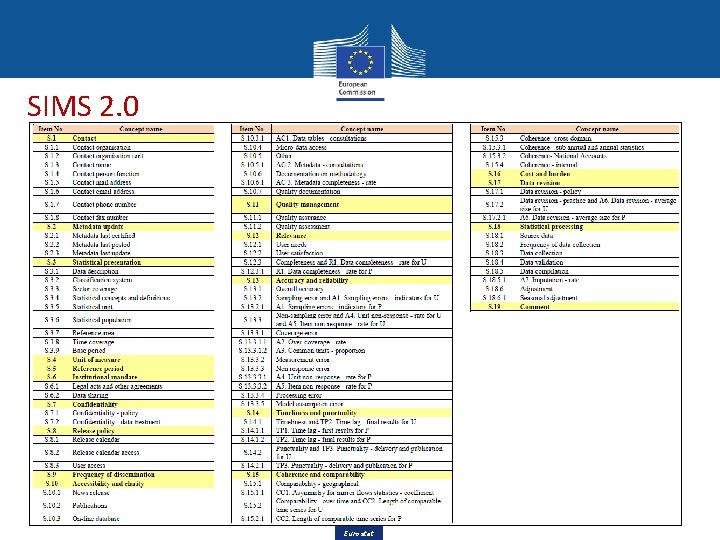 SIMS 2. 0 Eurostat 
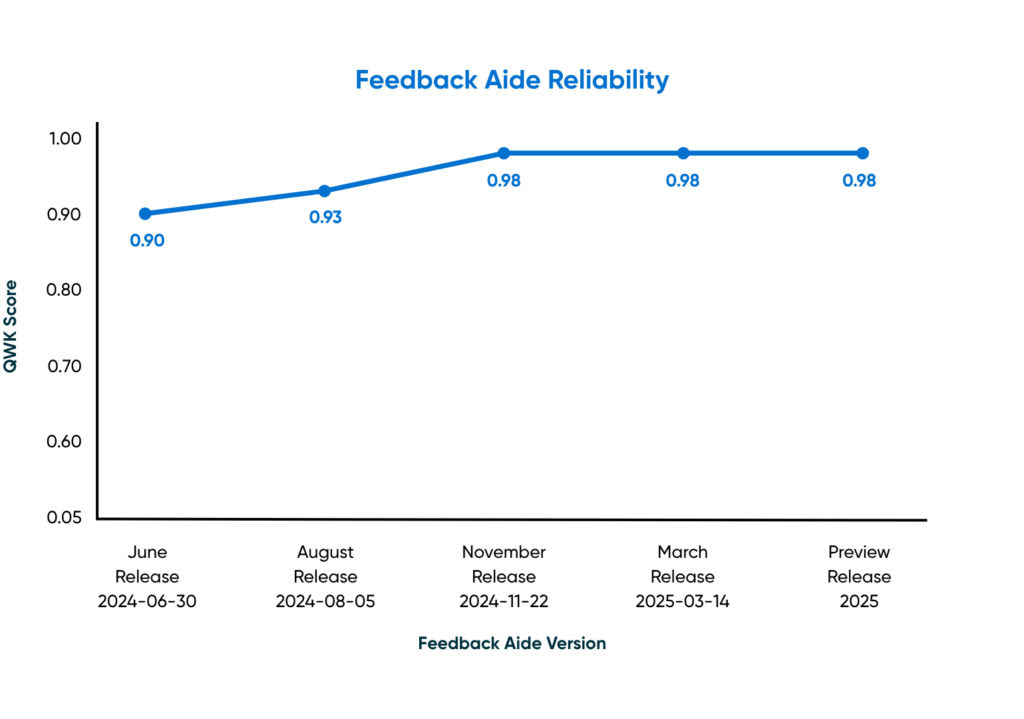 A table showing how reliably Feedback Aide scores the same response when tested repeatedly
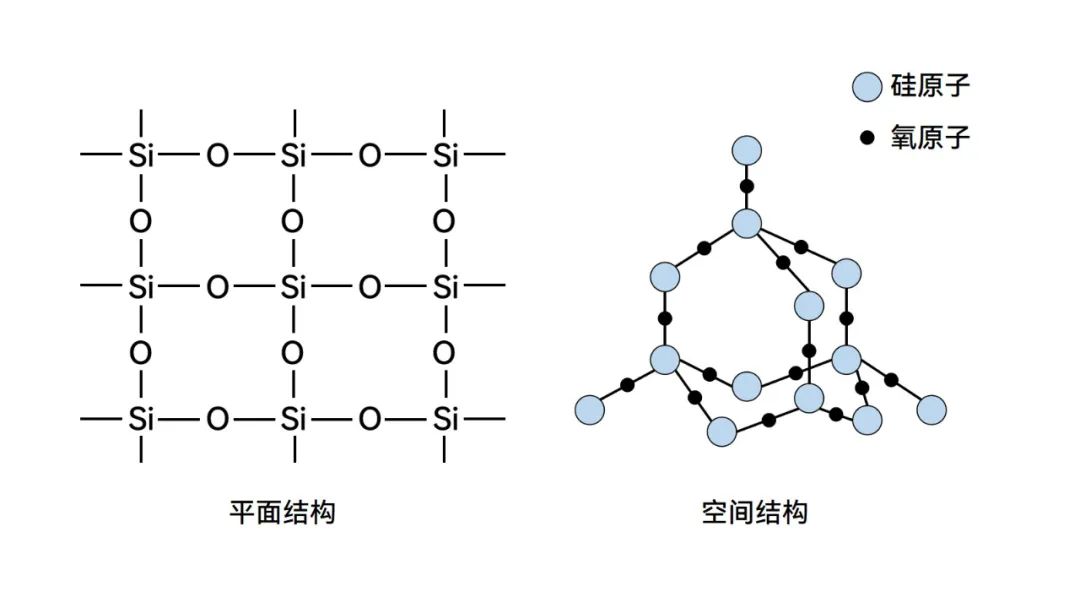 同在二氧化硅“大家庭”，为啥差别那么大？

────────

Reproduce the whole listing exactly, but not the images in it.

The answer:
 SIMS 2. 0 Eurostat 
 A table showing how reliably Feedback Aide scores the same response when tested repeatedly
 同在二氧化硅“大家庭”，为啥差别那么大？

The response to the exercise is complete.